На мгновение мне кажется, что он взорвется, но вместо этого он смотрит на меня сквозь прищуренные веки, его губы расплываются в жуткой тонкогубой улыбке.
Я вздыхаю про себя, когда он опускается в кресло Бретта.
— Ты должна была сказать мне, как только ему поставили диагноз.
— Бретт просил меня не делать этого. Он мой муж, и я уважаю его желания.
— Он мой сын, будь ты проклята. Ты должна была сказать мне. Я с самого начала знал, что ты ему не пара.
Я опускаю руки и в ярости сжимаю их в кулаки. Я хочу отпустить язвительное замечание, но слова застревают у меня в горле, как это часто бывает в разговоре с ним.
— Это не… ты знаешь…
Он обхватывает рукой левое запястье, прикрывая золотой Ролекс.
— Ты заставишь его пройти химиотерапию. Мой сын не будет бояться лечения. Я воспитывал не труса. Ты превратила его в него.
Я сильно прикусываю губу, чтобы не наброситься на него. Речь не обо мне. Речь идет о Бретте.
— Я не знаю, могу ли обещать это. Я пыталась целый месяц и потерпела неудачу.
— Я не прошу тебя, Меган. Я приказываю тебе. Я привезу к нему лучших врачей страны. Они будут здесь завтра. Позаботься о том, чтобы Бретт был дома.
Его лицо становится жестким, когда он поднимается на ноги и устремляется к двери. Я отхожу в сторону, прежде чем он подойдет слишком близко.
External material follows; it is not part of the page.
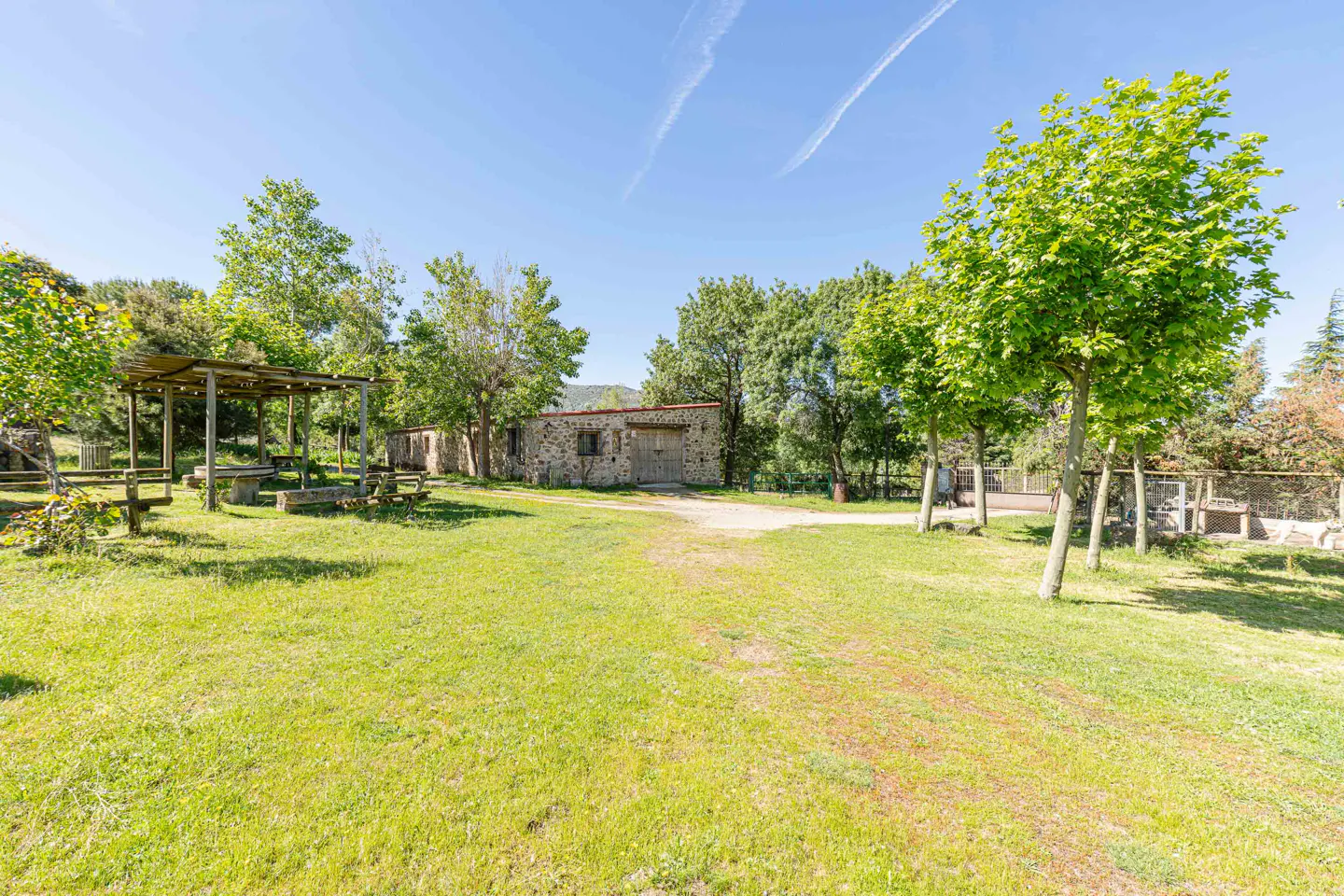 Outdoor shot of a stone building with a wooden door, surrounded by green grass, trees, and a picnic area under a blue sky.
Не сказав мне больше ни слова, он выходит и через несколько секунд исчезает. Я остаюсь в офисе на несколько минут, делаю успокаивающие вдохи, прежде чем мне снова придется встретиться с Бреттом лицом к лицу. Он стал таким злым человеком, что общение с ним лишает меня энергии.
Как только я прихожу в себя, иду и отпускаю Джанеллу на сегодня. Она лишь кивает и тихо уходит. Я не преминула заметить, что, когда Коул появился, она, как обычно, исчезла.
Уложив Лиама, я отправляюсь на поиски Бретта. Я нахожу его уже в постели, дрожащим под одеялом, с лицом, искаженным болью. Я привыкла видеть его страдающим, потому что это становится все большей частью нашей жизни, но на этот раз все по-другому, сильнее.
Он корчится под одеялом, его лицо покрылось испариной. На секунду его глаза вылезают из орбит, словно вот-вот выскочат из головы. Он смотрит в мою сторону, но, кажется, меня не видит. Визит отца, должно быть, ранил его сильнее, чем я думала.
— Малыш, мне жаль, что тебе так больно.
Я ложусь рядом с ним, обнимая его хрупкое тело. Он пытается оттолкнуть меня, но всякий раз, когда он испытывает боль, я сильнее.
— Я принесу тебе лекарства.
Я слезаю с кровати.
— Нет, — ворчит он. — Никакого обезболивающего.
Его губы, кажется, посинели, а глаза умоляют меня уважать его желание.
— Тебе нужна помощь, малыш. Я отвезу тебя в больницу, хорошо?
Я ищу в комнате свою сумочку, потому что там мой телефон.
— Никакой больницы.
На этот раз его тон жесткий, окончательный. Затем его лицо снова искажается от боли, глаза крепко зажмуриваются.